Participation Summary

Education & Outreach Activities and Participation Summary

1 Curricula, factsheets or educational tools
1 Webinars / talks / presentations

Participation Summary

Education/outreach description:

Findings from this study will be shared with farmers, Extension personnel, and crop consultants using a variety of educational methods. Upon the completion of the project, we will create a succinct report highlighting the results and outcomes of the study. Elements of this report will be placed into an ArcGIS Story Map, to outline the positive aspects of cover crops in Delaware, the use of drones in agriculture, and the success in mapping cover crops to improve soil health and crop production. This report and story map will be shared with farmers, certified crop consultants, researchers and Extension personnel via a publicly accessible website. RGB images will be a more economical option for farmers and consultants, so outreach will focus on providing the best value with consumer drones. We will also present results of this study at various University of Delaware Cooperative Extension events, Delaware Agriculture Week (January 2021/2022), Delaware Nutrient Management Certification Sessions, and the Mid-Atlantic Crop Management School (November 2021/2022). A field day on cover crops and drone scouting will also be held at the University of Delaware Carvel Research and Education Center in the spring of 2021.

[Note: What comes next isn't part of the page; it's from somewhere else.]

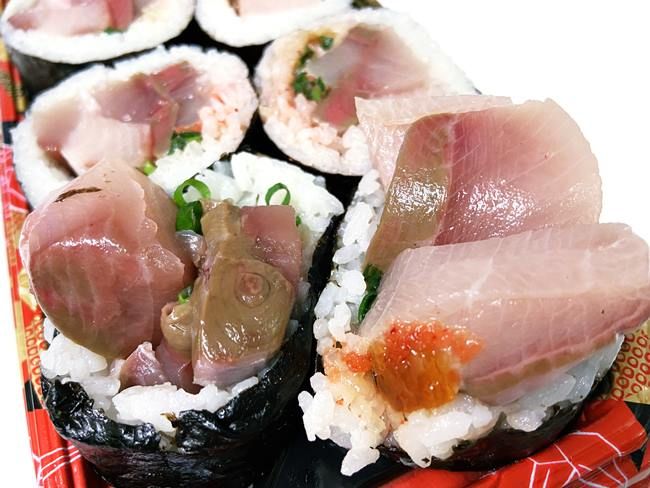 ロピア ほぼ具海鮮巻き ぶり 端っこ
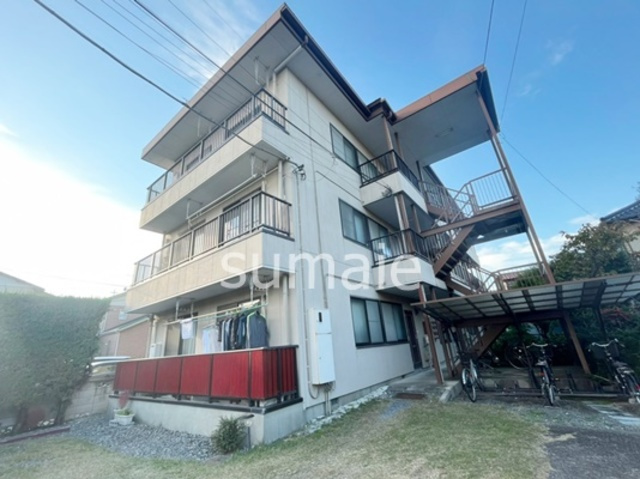 上小ハイツの外観|3階建てのマンション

Another source of outreach will include newsletter articles (e.g., University of Delaware Weekly Crop Update; and fact sheets for publication on the University of Delaware Cooperative Extension website. We will also utilize the Delaware Agronomy Blog to share results from this project in short articles addressing cover crops and the basics of drone flights. These resources are frequently accessed and freely available to farmers, crop consultants, researchers, the general public and Extension agents. With the data we compile, we will share results with professionals and agencies, like the Delaware Department of Agriculture (DDA) or DNREC, to support their endeavors.

Current efforts of outreach include a working ArcGIS Story Map sharing the need and reason for the study. The StoryMap will be shared through a presentation at Delaware Agriculture-Week on January 20th, 2021. Once all data is collected, the StoryMap will be updated and published for the public.

Any opinions, findings, conclusions, or recommendations expressed in this publication are those of the author(s) and do not necessarily reflect the view of the U.S. Department of Agriculture or SARE.